(German) Logische Fehler in Artikel "Schlecht, schlechter, Geschlecht" von Harald Martenstein im ZEITmagazin vom 6. Juni 2013
Normalerweise schreibt Harald Martenstein die Kolumne, die das ZEITmagazin einleitet -- jede Woche aufs Neue. Diese Woche hat er es außerdem eine Streitschrift mit dem Titel "Schlecht, schlechter, Geschlecht" verfasst, die er auch im Vorschau-Video zur aktuellen Ausgabe der ZEIT vorstellen durfte. Zum Artikel als Ganzes will ich keine Stellung nehmen.
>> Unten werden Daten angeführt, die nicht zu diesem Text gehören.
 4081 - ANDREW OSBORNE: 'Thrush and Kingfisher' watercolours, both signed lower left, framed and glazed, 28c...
Ich möchte im Folgenden allein zwei logische Fehler aufzuzeigen, die mir aufgefallen sind.
Der Evolutionsbiologe Simon Baron-Cohen, ein Vetter des Filmemachers Sascha Baron-Cohen, hat die Reaktionen von Neugeborenen erforscht, da kann die Gesellschaft noch nichts angerichtet haben: Mädchen reagieren stärker auf Gesichter, Jungen auf mechanische Geräte. Richard Lippa hat 200.000 Menschen in 53 Ländern nach ihren Traumberufen gefragt, Männer nannten häufiger "Ingenieur", Frauen häufiger soziale Berufe. Die Ergebnisse waren in so unterschiedlichen Ländern wie Norwegen, den USA und Saudi-Arabien erstaunlich ähnlich. Wenn es wirklich einen starken kulturellen Einfluss auf die Berufswahl gäbe, sagt Lippa, dann müssten die Ergebnisse je nach kulturellem Kontext schwanken.
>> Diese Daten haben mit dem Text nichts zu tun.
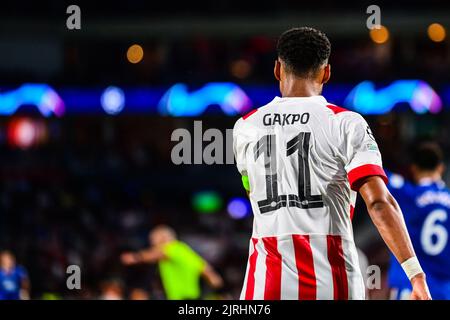 EINDHOVEN - Cody Gakpo vom PSV Eindhoven während des UEFA Champions League-Play-off-Spiels zwischen PSV Eindhoven und dem Rangers FC am 24. August 2022 im Phillips Stadium in Eindhoven, Niederlande. ANP OLAF KRAAK Stockfoto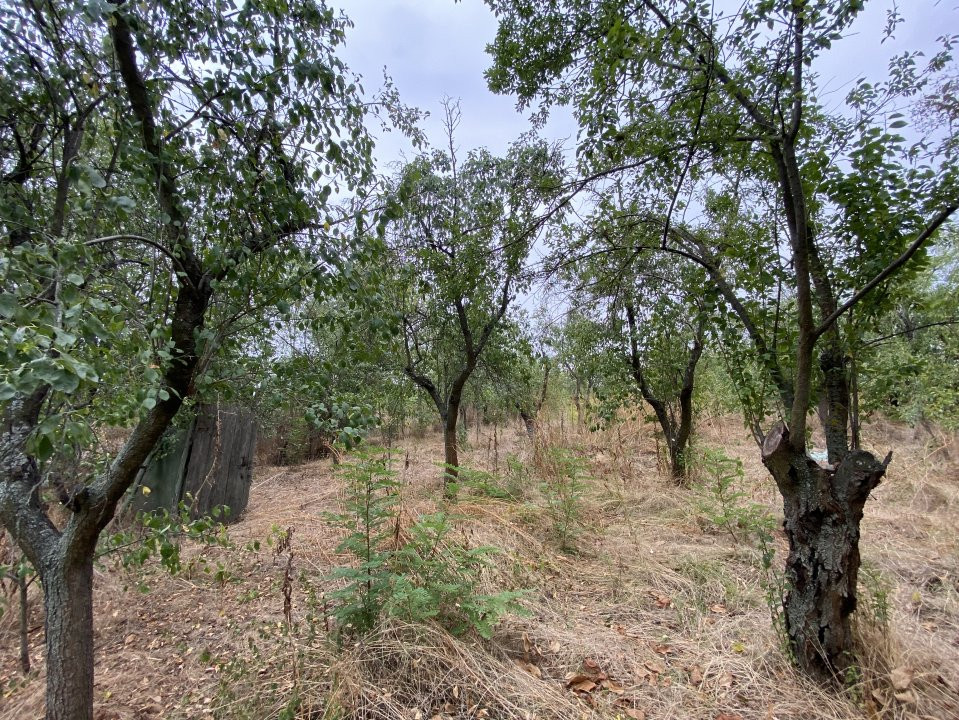 Teren 3000mp intravilan in Mavrodolu, AG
Die Ergebnisse könnten schwanken, aber sie müssten nicht: Das lässt sich nicht folgern. Warum? Nehmen wir an, in zwei Ländern wirken zum Teil gleiche, zum Teil unterschiedliche kulturelle Einflüsse und es sind vorrangig gemeinsame kulturelle Einflüsse für die Berufswahl entscheidend. Dann ist nicht verwunderlich, dass sich die Ergebnisse ähneln, es sind aber durchaus kulturelle Einflüsse am Werk.
In Wirklichkeit ist die Biologie längst weiter. Sie kann zeigen, dass Männer und Frauen in vielen Bereichen gleich sind, in anderen verschieden. Sonst wäre die Evolution ja sinnlos gewesen – wozu zwei Mal das gleiche Modell entwickeln?
Evolution ist Mutation und Selektion in Wiederholung. Dabei können sich Merkmale durchsetzen, die keinen Sinn (im Hinblick auf höhere Überlebenschancen) haben. Hier wird argumentiert, dass etwas nicht sein kann, weil es im Widerspruch zum Sinn der Evolution des Menschen stehe. Evolution folgt aber keinem Sinn, weshalb so nicht gefolgert werden kann.